A study carried out for the Vermont State Police found there was little evidence of racial profiling by troopers making traffic stops in Vermont but that there are racial disparities in the number of searches conducted and tickets issued.
The study painted a generally positive picture of the practices of the Vermont State Police. It turns out that the percentage of nonwhite motorists who are stopped by state troopers is actually smaller than the percentage of the nonwhite population. The nonwhite population constitutes 5.7 percent of Vermonters; but the number of traffic stops of nonwhites was only 4.4 percent of the total.
After they are stopped, however, nonwhite drivers are more likely to get a ticket than white drivers are. The percentage of white drivers who receive tickets is 42 percent. For nonwhites it is 52 percent.
In addition, nonwhite drivers were two and a half times more likely than whites to see their cars searched by state police. Significantly, however, troopers were far less likely to find contraband material in the cars of nonwhite drivers than they are in the cars of whites.
Vermont State Police Col. Thomas L’Esperance suggested that disparity in the results of vehicle searches suggests that police were being less prudent in initiating searches of cars driven by nonwhites. The result of searching cars that don’t merit a search is that the searches yield no contraband. L’Esperance acknowledged that the police needed to look into these disparities.
The study suggested that overall Vermont State Police exercise a relatively light hand. It turns out that only 1 percent of traffic stops in Vermont lead to searches. The percentage nationally ranges from 5 to 15 percent. Also, searches by Vermont police are more likely to turn up illegal material than searches in other states do. Seventy-three percent of searches produce contraband in Vermont, suggesting that, despite the disparity involving nonwhite drivers, police generally exercise restraint in deciding when to search.
Vermont police are also less likely to write tickets than police in other states. In Vermont only 42 percent of drivers who were stopped received a citation. That compares to 60 percent who were cited in Illinois.

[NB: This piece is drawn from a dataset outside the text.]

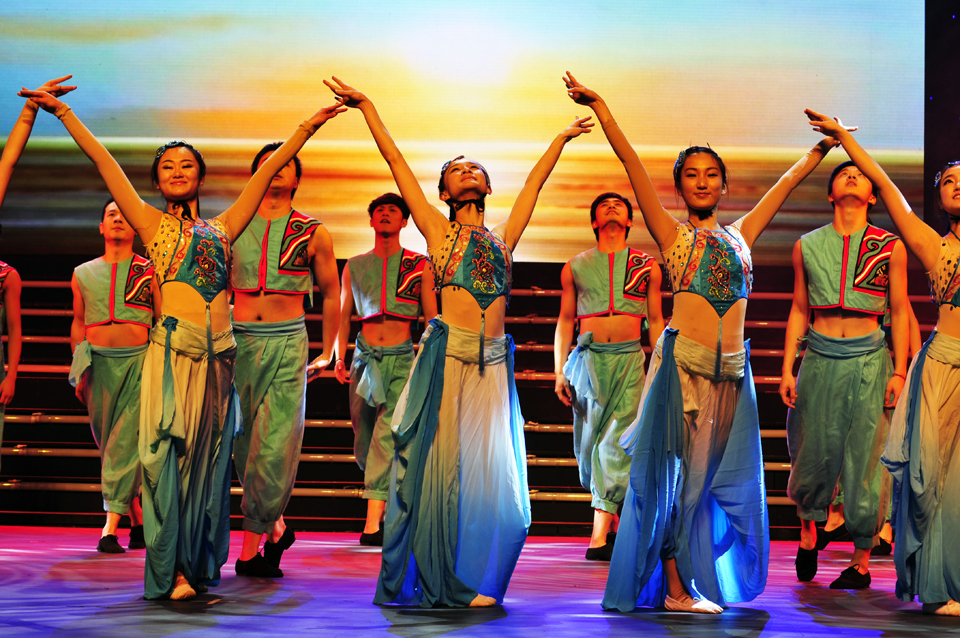 南通市精神文明建设五个一工程颁奖晚会盛情上演 (10).jpg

State police characterized the study as the beginning of a conversation about the police and their treatment of minorities. It is an occasion for facing up to facts, recognizing patterns and engaging in the kind of self-examination that can lead to fairer policing. The point of the study is not to point a condemning finger at anyone but to learn and improve.

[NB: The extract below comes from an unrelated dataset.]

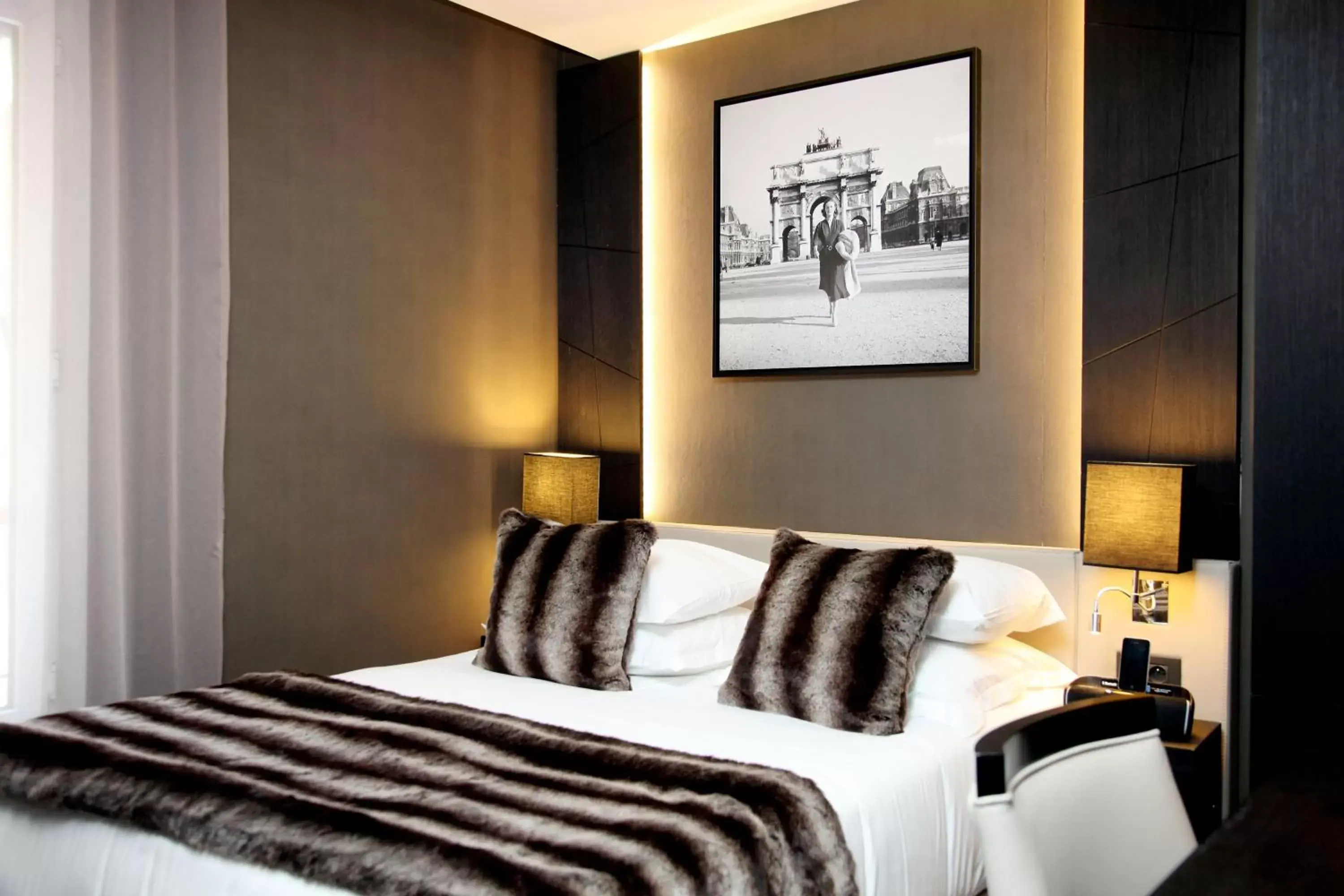 Bed in Hôtel Elysées Paris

Certainly, African-Americans and other minorities are not unacquainted with patterns of policing that subject them to heightened scrutiny. Police in New York City, for example, have carried out an aggressive stop-and-frisk policy in minority neighborhoods, causing resentment but also acting as a crime preventative.
Many regions of the country have a history of racial oppression and injustice that lingers on today, filling the nation’s prisons with a disproportionately high number of minorities, crippling communities and disrupting lives. The legacy of racism can live on undetected unless the attitudes and behavior of police go under the microscope, as they have in this study.

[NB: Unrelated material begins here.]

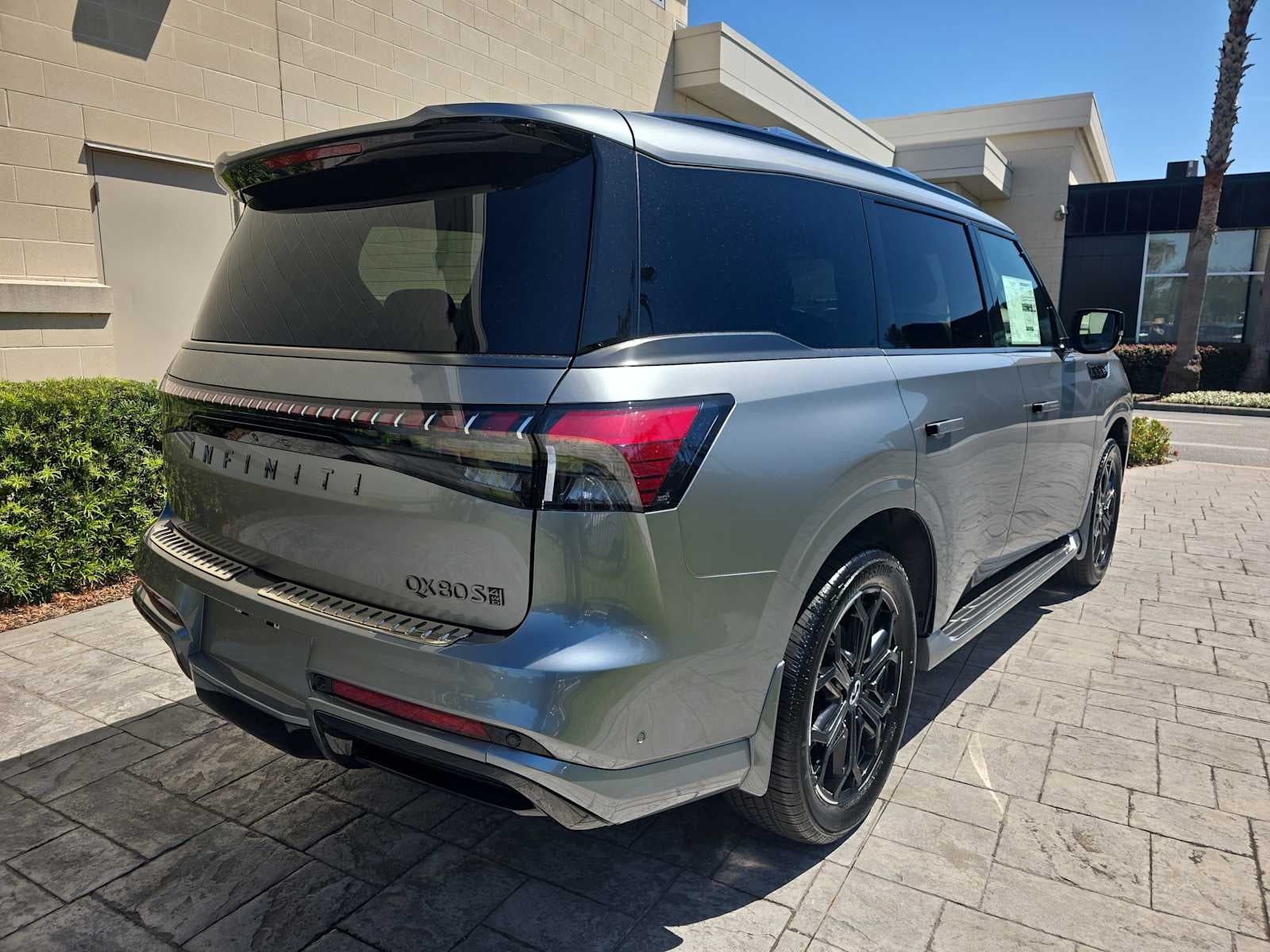 2027 INFINITI QX80 SPORT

The disparities in Vermont in no way reflect the kind of aggressive policing that occurs elsewhere, but it is worth noting when troopers’ decisions reflect possible bias.
Vermonters have also been sensitive to potential bias against immigrants who may be here illegally. In contrast to policies pursued in Arizona and Alabama, there is a strong desire among Vermonters, including Gov. Peter Shumlin, for police to refrain from immigration enforcement. There is significant presence on Vermont farms of undocumented workers. Profiling them for traffic stops or immigration inquiries would create a punitive and oppressive atmosphere that most Vermonters would abhor.
Human beings are always subject to ethnic and racial biases, which means studies like the recent one can be useful and constructive. Awareness and honesty are the key, which state police in Vermont appear to recognize.